Novelist Jonathan Lethem, though firmly associated with New York bohemia and a kind of Brooklyn renaissance, will be coming to Pomona College to take over David Foster Wallace's old job.
The author of the Brooklyn-childhood novel The Fortress of Solitude and, more recently, the Upper East Side-set Chronic City is well known to readers of The Misread City: He's among the site's core writers, along with Ursula K. Le Guin, Philip K. Dick, Michael Chabon and Ross Macdonald. Of this esteemed group, he is the only one not lucky enough to have spent the majority his career on the West Coast. But that begins to change this fall, when Lethem arrives at the liberal arts school based in Claremont, where he begins teaching in January.
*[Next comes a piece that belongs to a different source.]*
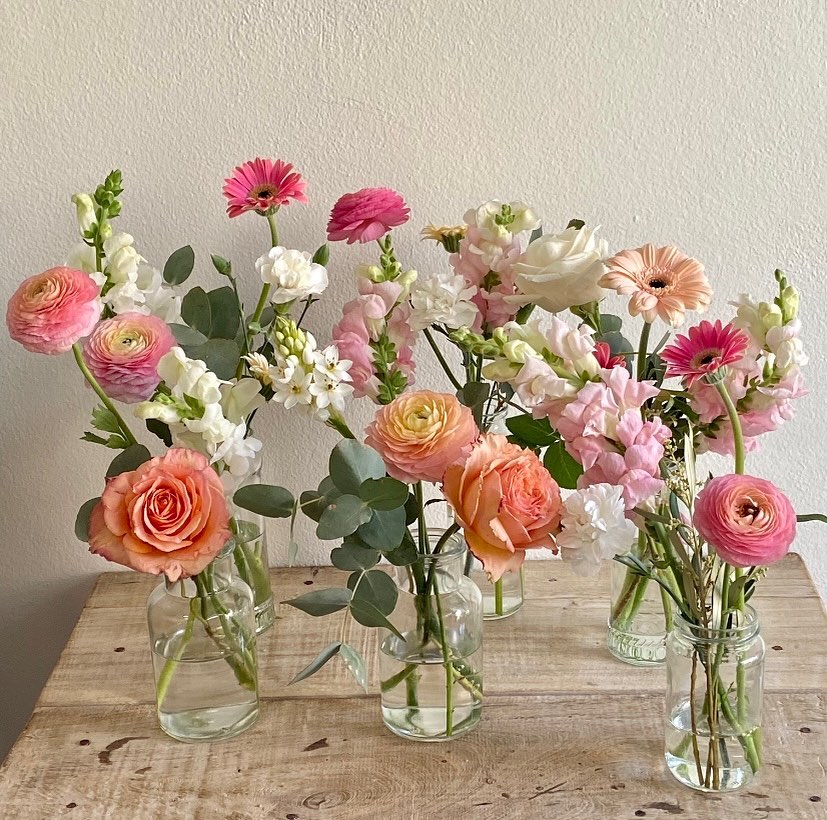 Bud vases are the perfect table decoration for any event. Available to order in sets of six. For larger orders give us a call to discuss options. Contact https://www.thecuriousrabbitflowershop.com.au #balmainflorist #rozelleflorist #lilyfieldflorist #innerwestflowerdelivery #balmainflowerdelivery #eventflorist #sydneyflowers #sayitwithflowers #leichhardtflorist #drummoyneflorist #glebeflorist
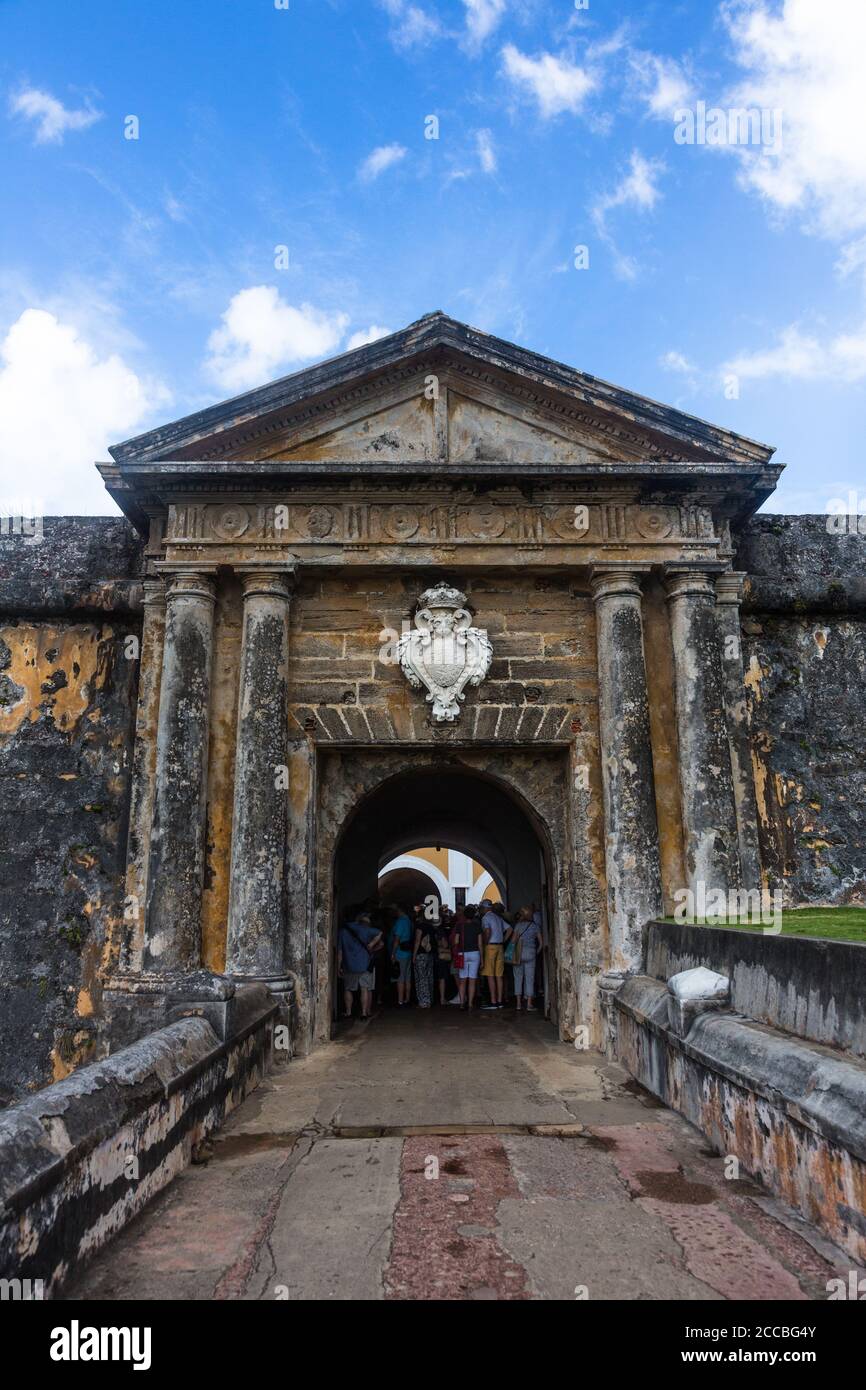 Turistas en la entrada sobre el foso seco al Castillo San Felipe del Morro. Viejo San Juan, Puerto Rico. Sitio Histórico Nacional de San Juan y una ONU Foto de stock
Here is Pomona's release on the position.
I've gotten to know Lethem slightly in our discussions about various authors, including his college classmate Bret Easton Ellis and his literary hero Philip K. Dick, whose Library of America volumes he has edited. Lethem is among the sharpest, intellectually rigorous and most culturally omnivorous people I know, and he's made an important push in the war to rehabilitate genre fiction. He's also a zealous Dylan fan.
Of course, despite representing a kind of post-Auster, vaguely indie-rockish spirit of Brooklyn writing, Lethem spent the first decade of his writing career in California. He lived in Berkeley from '85 to '96, working at Moe's Books and Pegasus bookstore and helping pioneer rock critic Paul Williams run the Philip K. Dick Society. Raymond Chandler and Macdonald are powerful influences on his early novels especially, and in '07 he set a slender comic novel, You Don't Love Me Yet, in Silver Lake, where he lived while putting it together.
So in some ways he's long been a California writer by osmosis.
The Misread City will speak to Lethem in the next few weeks about his imminent arrival and his thoughts about West Coast culture. Until then, all we can say is, Welcome, homes!